Sinn Fein has won control of the ball but the Democratic Unionists are still on the pitch.
While an Irish nationalist party will be the biggest at Stormont, the DUP did not perform as badly as predicted.
It had been under enormous pressure after Brexit resulted in a sea border between Great Britain and Northern Ireland.
For reasons known only to the DUP, the party backed the Leave campaign – raising the prospect of a hard border.
Even more baffling was the party’s rejection, at the behest of hardline backbenchers, of Theresa May’s softer Brexit.
Boris Johnson told the DUP’s annual conference that “no British prime minister could countenance a border in the Irish Sea”.
A year later, in his determination to secure a withdrawal agreement, the prime minister agreed a border in the Irish Sea.
Initially, the DUP tried to put a brave face on being thrown under the bus, briefly describing it as “the best of both worlds”.
In other words, Northern Ireland would be able to boast unique access to both the GB market and the EU market.
But it rowed back rapidly when other Unionists – both hardline and moderate – claimed it had compromised Northern Ireland’s place in the United Kingdom.

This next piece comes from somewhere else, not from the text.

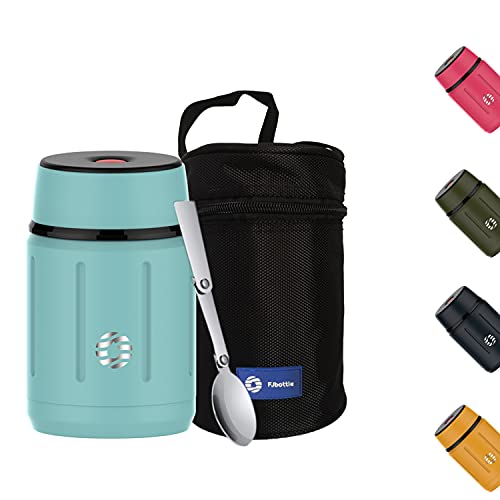 Healter 750ml Thermobehälter für Essen,Auslaufsicher Edelstahl Essensbehälter,Edelstahl Suppenbehälter mit Faltbarem Löffel für Essen, Suppe, Brei, Obst, Blau von Healter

Under attack from its own electorate, the DUP demanded that the UK government invoke Article 16, overriding the Brexit Protocol.

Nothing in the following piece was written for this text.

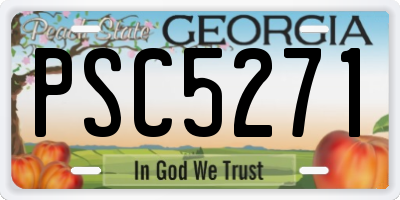 GA license plate PSC5271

But Downing Street cannot afford a trade war with the EU and knows any prospect of a land border could cost it a trade deal with the United States.
With tension at breaking point in Unionist strongholds, the DUP’s internal warfare turned into a very public spectacle.
Having ousted Arlene Foster as leader, Edwin Poots from the party’s ideological wing succeeded her – but only for 21 days.
Sea border anger
Sir Jeffrey Donaldson, the party’s leader at Westminster, became the third leader in the space of three weeks.
When his pleas for the UK government to scrap the sea border went unheard, he pulled the DUP out of the power-sharing government.
It was too little, too late for many Unionists and the subsequent election has opened the door to Sinn Fein.
But Sinn Fein cannot form a government without the DUP, and that leaves power sharing on life support.
Ultimately, Brexit and its consequences may have signalled the end of Good Friday Agreement politics.